Imagine if all baseball front offices embraced this philosophy and pressed it on their players…

Starting pitchers would have thrown 100 pitches by the third inning…

The bullpen would be burned through by the eight inning…

Lucas Duda would be the emergency pitcher…

This is ridiculous.

So all this hub-bub over this PPA philosophy, which Alderson now seems to mention whenever he talks about the offense, is based solely on this flimsy (at best) evidence?


This is a perfect game… A beautiful game…

Why is someone always trying to ruin it?

Keith Hernandez, a player with a career .296/.388/.436 slash, and someone who knows a thing or two about hitting, says it best:

“The problem with this philosophy is that it doesn’t consider that sometimes the best pitches a hitter sees [that he can hit] are the first or second pitches.” (Bracket emphasis mine.)

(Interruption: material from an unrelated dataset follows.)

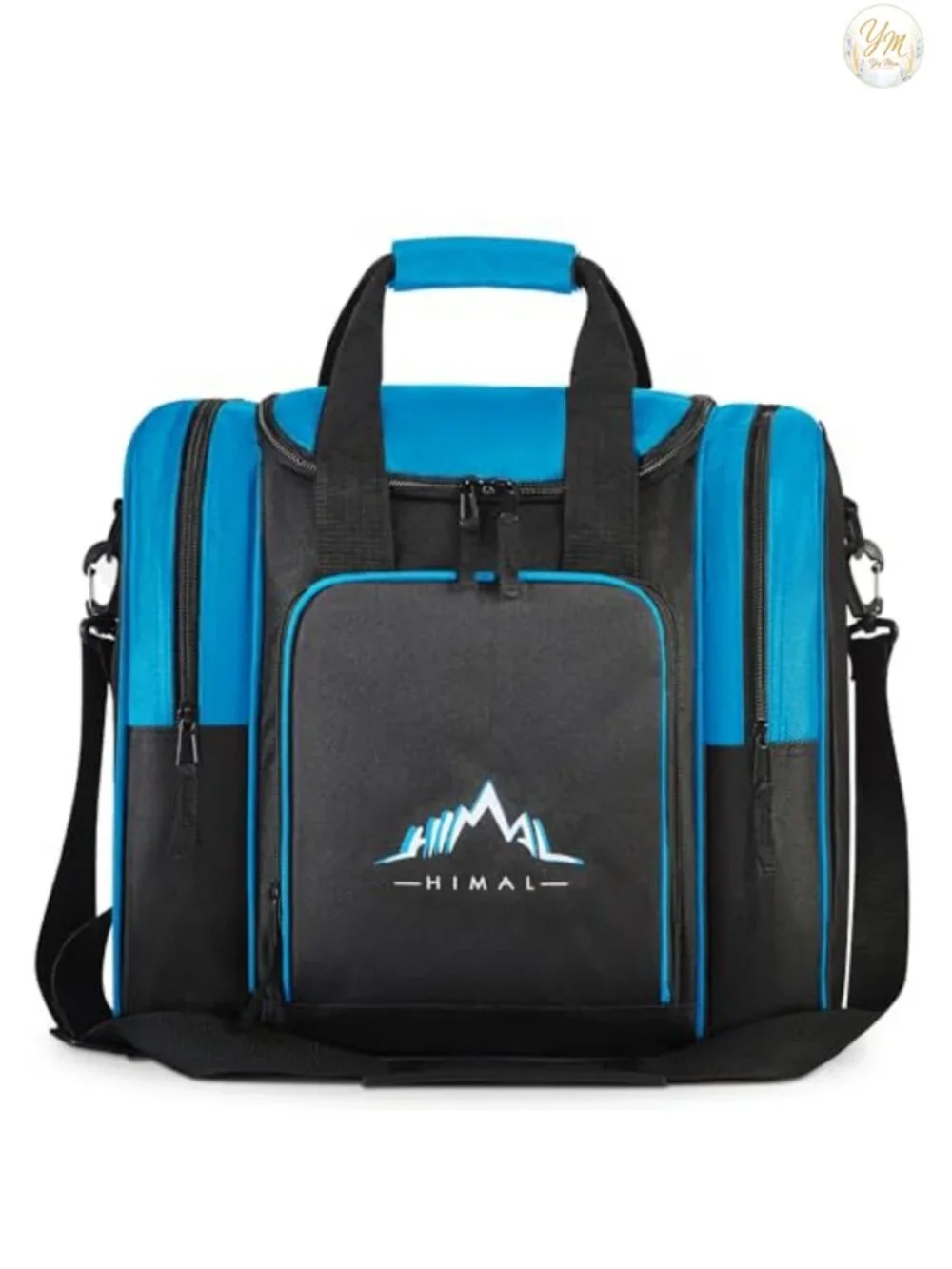 Bowling Ball Bag with Padded Holder, Fits Shoes Size 14, Adjustable Strap,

Shut up, Keith… What the heck do you know…

About Joe D 7964 Articles
I'm a lifelong Mets fan who loves writing and talking about the Amazins' 24/7. From the Miracle in 1969 to the magic of 1986, and even the near misses in '73, '00 and '15, I've experienced it all - the highs and the lows. I started Mets Merized Online in 2005 to feed my addiction and interact with other passionate Met fans like you. Follow me on Twitter @metsmerized.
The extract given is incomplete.